After the German invasion of Poland ignited World War II in the fall of 1939, Sternberg and his wife, the Romanian-born Felicitas Gobineau Sternberg, emigrated to the United States. Sternberg lived for a year in New York and then moved to Dallas, Texas, where he became head of the piano department and conductor of chorus and opera at the Hockaday Institute of Music (a short-lived division of the Hockaday School that operated only from 1937 to 1946). He joined the Baylor University School of Music in 1942 and was made its chair the following year. Shortly afterward he was given the newly created title of Dean. Sternberg founded the Baylor Symphony in 1944 and conducted it until he retired from teaching in 1980. In Waco, he founded the Waco Symphony in 1962 and conducted it until 1987.[3] When Lev Aronson came to the United States in 1948, he became principal cellist of the Dallas Symphony for almost twenty years, teacher of Lynn Harrell, Ralph Kirshbaum, and other prominent American cellists, and a close friend and ally of Sternberg, who lured him onto the Baylor faculty.

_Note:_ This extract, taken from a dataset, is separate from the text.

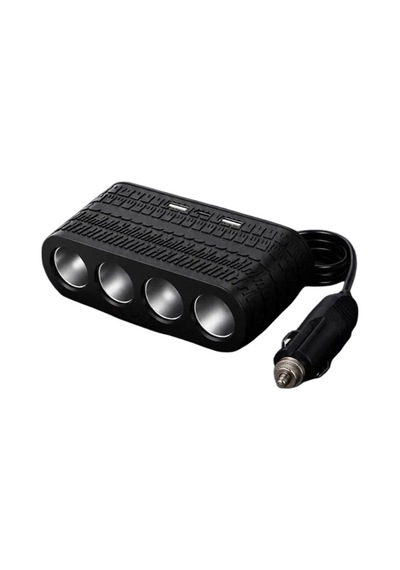 4 Port Araç Çakmak Çoklayıcı 2 Usb+type-c Şarj Girişli Çakmak Çoklayıcı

As a composer, Sternberg won a film music prize in Austria, a first prize for vocal composition from the Texas Federation of Music Clubs, and the Dallas Symphony Orchestra's Harold J. Abrams Memorial Award for his Concert Overture. In August 2009, the International Percy Grainger Society awarded him posthumously its 50th and final Grainger Medallion.[4] An accomplished linguist, he was fluent in several languages, and he created many opera translations, often collaborating with his wife, who was active as an opera director.

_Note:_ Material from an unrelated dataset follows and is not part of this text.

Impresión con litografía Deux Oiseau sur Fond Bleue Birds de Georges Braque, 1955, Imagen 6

Sternberg died in Waco, Texas, on 26 August 2000.
References
- ↑ Oesterreichisches Musiklexikon online (Austrian Music Dictionary online)
- ↑ Frances Brent, The Lost Cellos of Lev Aronson (New York: Atlas & Co., 2009), p. 55.
- ↑ Lori Scott Fogelman, "Baylor Remembers Former Regent, Music Dean," Baylor University News (28 August 2000)
- ↑ Carl Hoover, "Former Baylor Dean posthumously given music-society honor," Waco Tribune-Herald, 17 August 2009.